= Du Zuozhou =

Du Zuozhou (杜佐周 (Dù Zuǒzhōu); 1895–1974) was a Chinese educator, writer and psychologist.

==Biography==
Du was born in Dongyang, Jinhua of Zhejiang province in late Qing Dynasty China. Du's courtesy name was Jitang (纪堂). Du graduated from Zhejiang Provincial No.7 High School (presently Jinhua No.1 Middle School) in Jinhua. In 1915, Du went to Wuhan and studied at Wuchang Advanced Normal College (武昌高等师范学校; later merged into Wuhan University). Du graduated in 1919 and taught for one year at the college.

In 1920, Du went to study in the United States. Du received master and PhD from the Iowa State University, Ames, Iowa.

Du was a professor and the Dean of the School of Humanities of Wuhan University. In 1928, Du started teaching at Xiamen University in Xiamen of Fujian province, Du was a professor at Xiamen for eight years. Du was a professor and became the university provost of Jinan University in 1937.

In 1943, Du was pointed the president of the National Yingshi University (国立英士大学; a root of current Zhejiang University) in Zhejiang.

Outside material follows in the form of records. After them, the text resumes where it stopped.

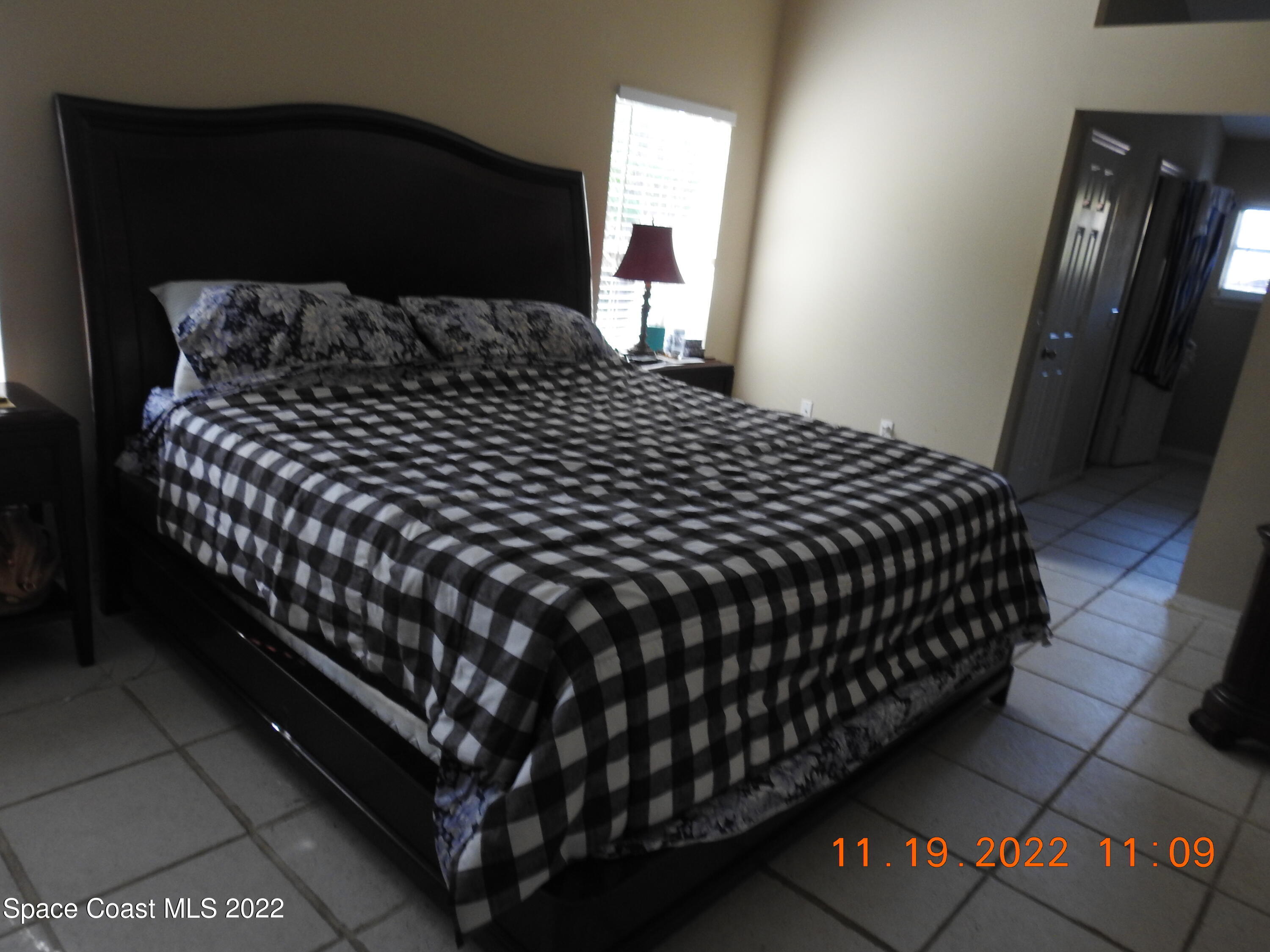 1208 Stadt Road Northwest Palm Bay, FL 32907 - Photo 14 of 26 DSCN6349
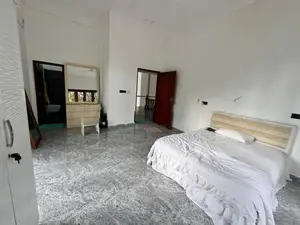 60 Perches - Furnished Luxury House for Sale Hl50600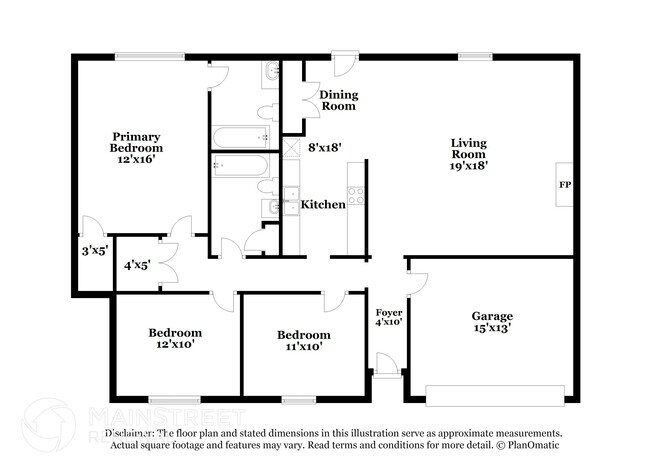 Building Photo - 1559 Willowbrook St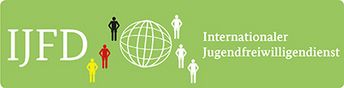 Logo IJFD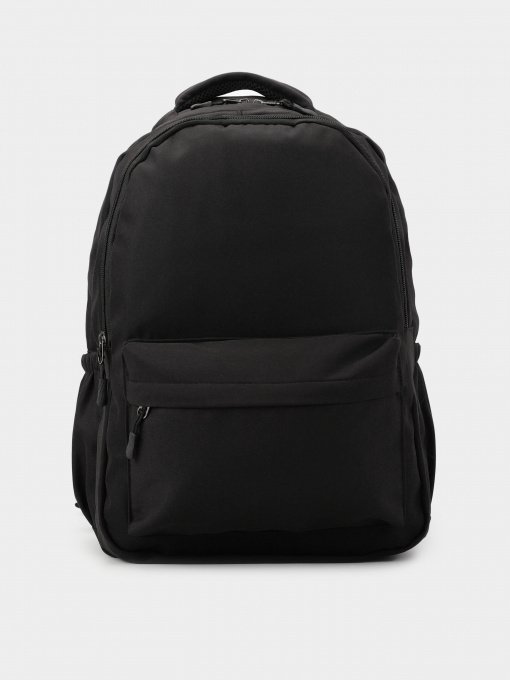 Рюкзак Braska Модель 84-0050/301 Фото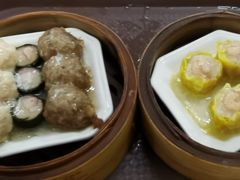 -恒兴发茶店(水巷口店)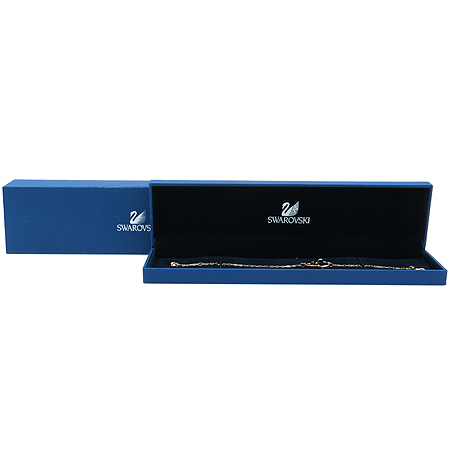 Swarovski(���ͷκ꽺Ű) 1062709 ��Ÿ ��� ���� �̹���2 - ���̺��� �߰���ǰ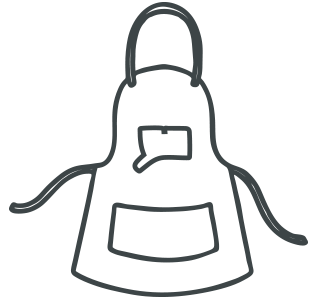 Small State Provisions photo 16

After 1949, Du was professor of several universities in Shanghai and Fujian province. Du also was the chair of education psychology department of Nanjing Normal University.

==Work==
Du published numerous works in education and psychology in China. In 1930, Du published his book Education and School Administration (《教育与学校行政管理》) by the Commercial Press in Shanghai, this work first discriminated the educational administration (which is more governmental) and the school administration in morden China's educational system, and heavily influenced the later development of education in China.